- **To do**: Please state how many lines of the records hold the string "Blue", giving nothing but the number.

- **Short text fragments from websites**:
━━━━━━━━━━━━━━━━
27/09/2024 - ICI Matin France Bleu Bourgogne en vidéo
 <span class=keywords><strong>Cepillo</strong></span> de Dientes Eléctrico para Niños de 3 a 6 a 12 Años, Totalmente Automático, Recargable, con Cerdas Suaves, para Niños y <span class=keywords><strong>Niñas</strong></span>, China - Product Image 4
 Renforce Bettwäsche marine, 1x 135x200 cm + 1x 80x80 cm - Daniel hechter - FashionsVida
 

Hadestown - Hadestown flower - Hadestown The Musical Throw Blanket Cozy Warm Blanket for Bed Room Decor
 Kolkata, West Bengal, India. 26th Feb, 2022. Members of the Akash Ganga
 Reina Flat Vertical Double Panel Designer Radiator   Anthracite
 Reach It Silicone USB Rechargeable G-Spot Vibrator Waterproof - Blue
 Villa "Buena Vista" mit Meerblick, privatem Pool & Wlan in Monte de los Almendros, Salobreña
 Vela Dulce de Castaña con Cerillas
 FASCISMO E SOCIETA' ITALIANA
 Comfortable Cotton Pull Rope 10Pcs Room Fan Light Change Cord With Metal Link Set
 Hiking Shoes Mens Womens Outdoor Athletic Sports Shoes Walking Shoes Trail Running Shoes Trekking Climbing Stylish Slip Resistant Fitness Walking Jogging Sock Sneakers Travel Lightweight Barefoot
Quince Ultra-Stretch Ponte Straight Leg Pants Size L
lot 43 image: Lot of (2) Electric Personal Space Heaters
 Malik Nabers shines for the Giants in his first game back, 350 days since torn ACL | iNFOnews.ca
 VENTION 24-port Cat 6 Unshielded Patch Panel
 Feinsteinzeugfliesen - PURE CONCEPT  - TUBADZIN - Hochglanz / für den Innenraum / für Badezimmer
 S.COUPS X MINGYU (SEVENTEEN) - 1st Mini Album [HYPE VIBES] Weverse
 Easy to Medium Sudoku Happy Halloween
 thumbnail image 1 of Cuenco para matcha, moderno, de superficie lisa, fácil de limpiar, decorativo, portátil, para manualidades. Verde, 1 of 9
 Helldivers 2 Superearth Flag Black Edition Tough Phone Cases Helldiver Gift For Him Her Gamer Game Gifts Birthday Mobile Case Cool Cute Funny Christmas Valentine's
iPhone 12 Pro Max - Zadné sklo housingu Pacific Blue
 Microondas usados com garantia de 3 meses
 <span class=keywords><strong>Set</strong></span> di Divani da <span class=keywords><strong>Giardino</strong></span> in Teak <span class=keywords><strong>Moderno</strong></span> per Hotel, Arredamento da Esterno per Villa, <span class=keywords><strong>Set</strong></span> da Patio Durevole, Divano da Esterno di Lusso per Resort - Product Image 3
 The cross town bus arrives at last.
━━━━━━━━━━━━━━━━
- **Solution to the exercise**: 2